# Oh, Christmas



## Ursula (Dec 2, 2016)

Christmas is around the corner, and I'm already dreading the family time. This year, my folks and I are travelling to my sister, and we all get to meet her new BF (I've met him already; they haven't). She's only been with him for about 3 months, and they're in love; she got out of a pretty bad marriage not so long ago, and hasn't dated since 1990-ish, so I feel like she's just grappling at whatever attention someone can give her. Don't get me wrong, I'm happy that she's happy, but I don't think this dude is someone that dreams are built on. Perhaps though they can be built on his new mattress that he had restraints installed on. Yeah, I know way too much about this ****.

And then there's my own family drama to work through (they're overbearing, controlling, manipulative and treat me like I'm a mentally challenged 12 year old). It's only 3 days that we're all spending together, so I just need to bear that in mind, and get through it. 

I also know that Christmases in the future will be different, as if I'm living with my BF and his youngest daughter, that will be where my priorities will lay, and I will be with them for any major holidays. I've already made my immediate family aware of this. 

Three days... Three days... You can do it...


----------



## minimalME (Jan 3, 2012)

Families are hard. I hope you have a good holiday.🎄


----------



## Anastasia6 (May 28, 2017)

Ursula family drama can be so much but you can do it. OR not. If they get to be too overbearing just leave. 

However, I'm more interested in the future Christmas with BF. I mean did you two solve his issues with kids and XW?


----------



## frusdil (Sep 5, 2013)

We're in the middle of a pandemic, use it to your advantage pmsl. I know I would!


----------



## Rus47 (Apr 1, 2021)

Ursula said:


> Christmas is around the corner, and I'm already dreading the family time. This year, my folks and I are travelling to my sister, and we all get to meet her new BF (I've met him already; they haven't). She's only been with him for about 3 months, and they're in love; she got out of a pretty bad marriage not so long ago, and hasn't dated since 1990-ish, so I feel like she's just grappling at whatever attention someone can give her. Don't get me wrong, I'm happy that she's happy, but I don't think this dude is someone that dreams are built on. Perhaps though they can be built on his new mattress that he had restraints installed on. Yeah, I know way too much about this ****.
> 
> And then there's my own family drama to work through (they're overbearing, controlling, manipulative and treat me like I'm a mentally challenged 12 year old). It's only 3 days that we're all spending together, so I just need to bear that in mind, and get through it.
> 
> ...


If don't enjoy Christmas with family, spend the time with whoever you enjoy spending time with, or alone. Spend the time with your BF and his daughter if that would make for happiness. Why should adults be miserable for even one day, let alone three. Life is too short ( and brutal ). Seems sister has better things to do with the time than entertaining guests.

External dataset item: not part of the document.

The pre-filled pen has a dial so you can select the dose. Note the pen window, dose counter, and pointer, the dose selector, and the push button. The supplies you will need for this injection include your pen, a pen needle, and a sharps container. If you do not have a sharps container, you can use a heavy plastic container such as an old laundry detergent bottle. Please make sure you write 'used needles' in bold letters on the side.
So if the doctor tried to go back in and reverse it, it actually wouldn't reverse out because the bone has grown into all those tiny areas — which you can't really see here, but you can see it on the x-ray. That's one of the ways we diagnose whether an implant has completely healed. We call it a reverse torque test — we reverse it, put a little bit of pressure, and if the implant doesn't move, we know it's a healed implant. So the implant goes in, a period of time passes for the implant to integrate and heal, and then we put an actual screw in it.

Sometimes families have an expiration date, as the frictions go on for decades being together stops being any fun for any of the members. Just because people are related doesn't mean they actually have to like one another ( and often don't ).


----------



## TXTrini (Oct 2, 2013)

I'm surprised you even want to go if that's how they treat you! I have to say holidays holidays become a ton easier on my own. I invited my bf and his mom over for dinner, but I have no idea if that's happening or not yet. If it stinks, that'll be that. Like Rus said, life is too short to waste time on people like that. Hope whatever happens is better than you expect.


----------



## Cooper (Apr 18, 2008)

If you feel you must go at least get a hotel instead of staying with family. Then you have a quiet place you can escape to and relax in the evenings.


----------



## Openminded (Feb 21, 2013)

I’ve followed your threads from the beginning and remember your posts about them. They will never change. You will always be the one they treat like … well, you know. Wouldn’t one day of that be more than enough?


----------



## Prodigal (Feb 5, 2011)

As long as you've been posting here, you have bemoaned your parents manipulative behavior. YOU are choosing to spend the holidays with them. They are not going to change - ever. YOU are choosing to expose yourself to their drama. This is who they are.

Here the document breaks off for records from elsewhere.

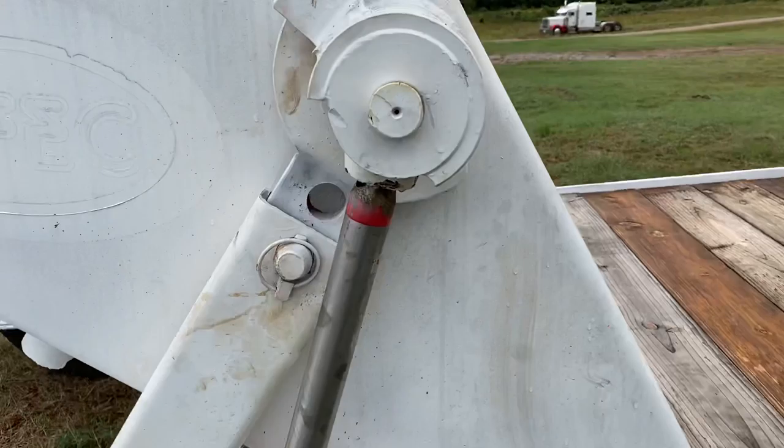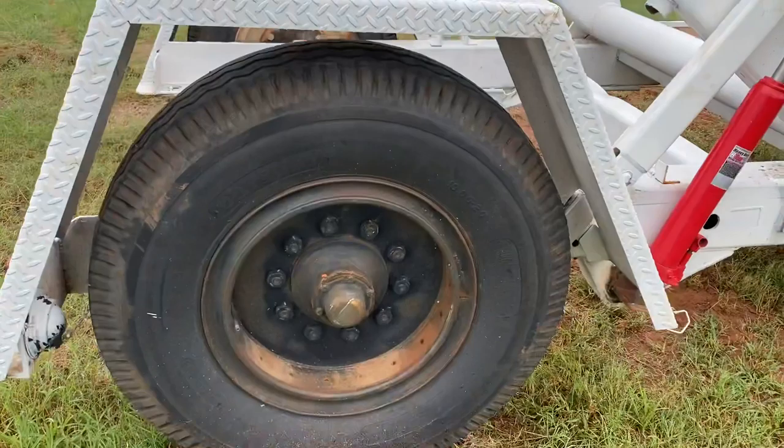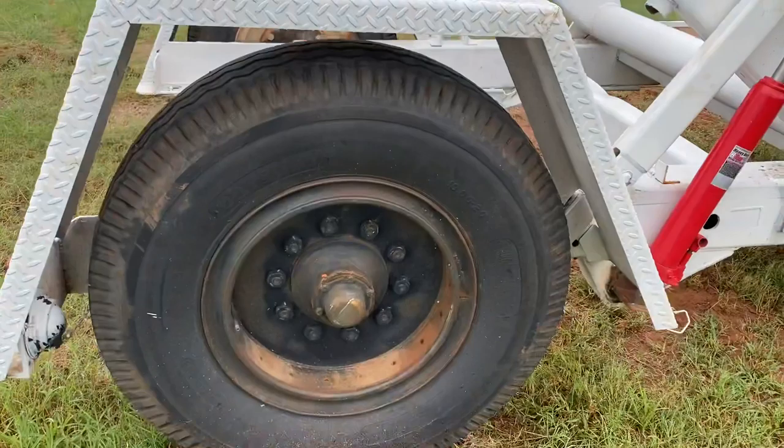Take a look at that jack — it is an 8-ton heavy-duty jack. These tires are 10-20s.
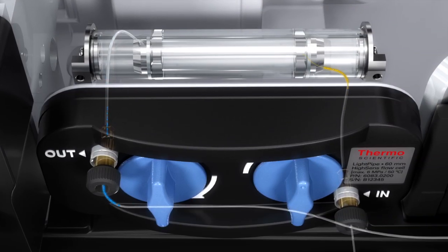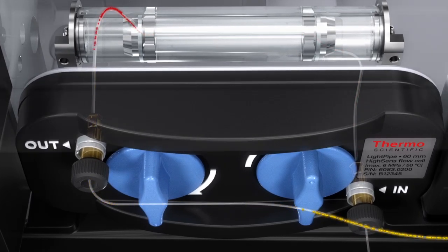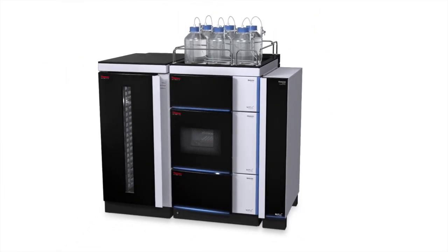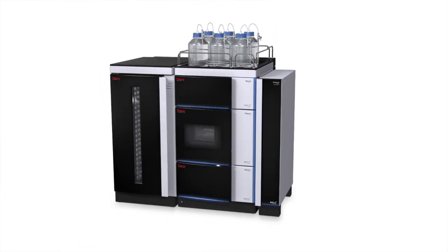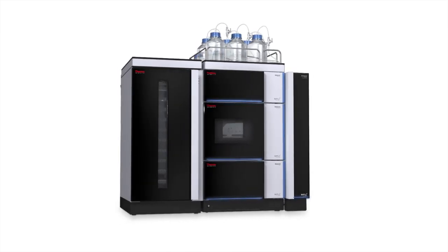200 Hz data collection will keep up with even the fastest UHPLC separations. The Vanquish system was designed to be an integrated system that addresses the needs of chromatographers performing state-of-the-art UHPLC. It appears as one instrument, but still offers the flexibility required by chromatographers in a clean, elegant design.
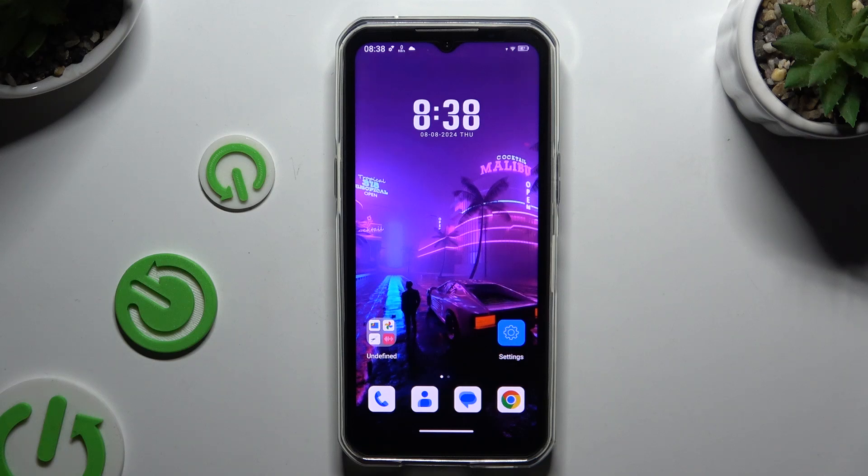In front of me is the Okidol WP35, and today I would like to show you how you can use one-handed mode.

Frankly, since you are going, you have made YOUR CHOICE. You realize you don't have to go if you really don't want to expose yourself to this mess, don't you?


----------



## heartsbeating (May 2, 2011)

Prodigal said:


> Frankly, you are going, so you have made your choice. YOUR CHOICE. You realize you don't have to go if you really don't want to expose yourself to this mess, don't you?


I agree with this.

No doubt part of you wants to share time with them, as you are choosing to attend. And there is still potential for you to change how you interact and without expectation of them. As in, you can choose to respond differently. That may require letting the cards fall so to speak. It could also include staying at a nearby hotel/accommodation to give yourself space if needed, too (as suggested by Cooper). Basically, it comes down to asserting your boundaries ...and being okay with that, even if it feels uncomfortable. Growth and changing dynamics is typically uncomfortable, until it no longer is.


----------



## SunCMars (Feb 29, 2016)

I have no fear of blood, nor do I get any pleasure in washing it away from me.

We cannot deny who we are, where we came from, nor should you.

If the only thing good that came from your family roots, _is you_, then at least be thankful for that.

We all struggle with our imperfect existences.


_Nemesis- _


----------



## pastasauce79 (Mar 21, 2018)

Take it one day at a time. Have a backup plan just in case you feel uncomfortable and want to leave.


----------



## As'laDain (Nov 27, 2011)

Ursula said:


> Christmas is around the corner, and I'm already dreading the family time. This year, my folks and I are travelling to my sister, and we all get to meet her new BF (I've met him already; they haven't). She's only been with him for about 3 months, and they're in love; she got out of a pretty bad marriage not so long ago, and hasn't dated since 1990-ish, so I feel like she's just grappling at whatever attention someone can give her. Don't get me wrong, I'm happy that she's happy, but I don't think this dude is someone that dreams are built on. Perhaps though they can be built on his new mattress that he had restraints installed on. Yeah, I know way too much about this ****.
> 
> And then there's my own family drama to work through (they're overbearing, controlling, manipulative and treat me like I'm a mentally challenged 12 year old). It's only 3 days that we're all spending together, so I just need to bear that in mind, and get through it.
> 
> ...


I'm,...


Looking for the problem.


You seem to have things pretty damned well settled.


----------



## D0nnivain (Mar 13, 2021)

Obviously don't go if it makes you that nuts. But if you can't get out if it without causing more drama, here are some survival tips:

1. Shorten the duration. Come late. Leave early

2. Take walks . . . just to get away from them. Walk around the block. Tell 'em you need to get in your steps with all the rich holiday food.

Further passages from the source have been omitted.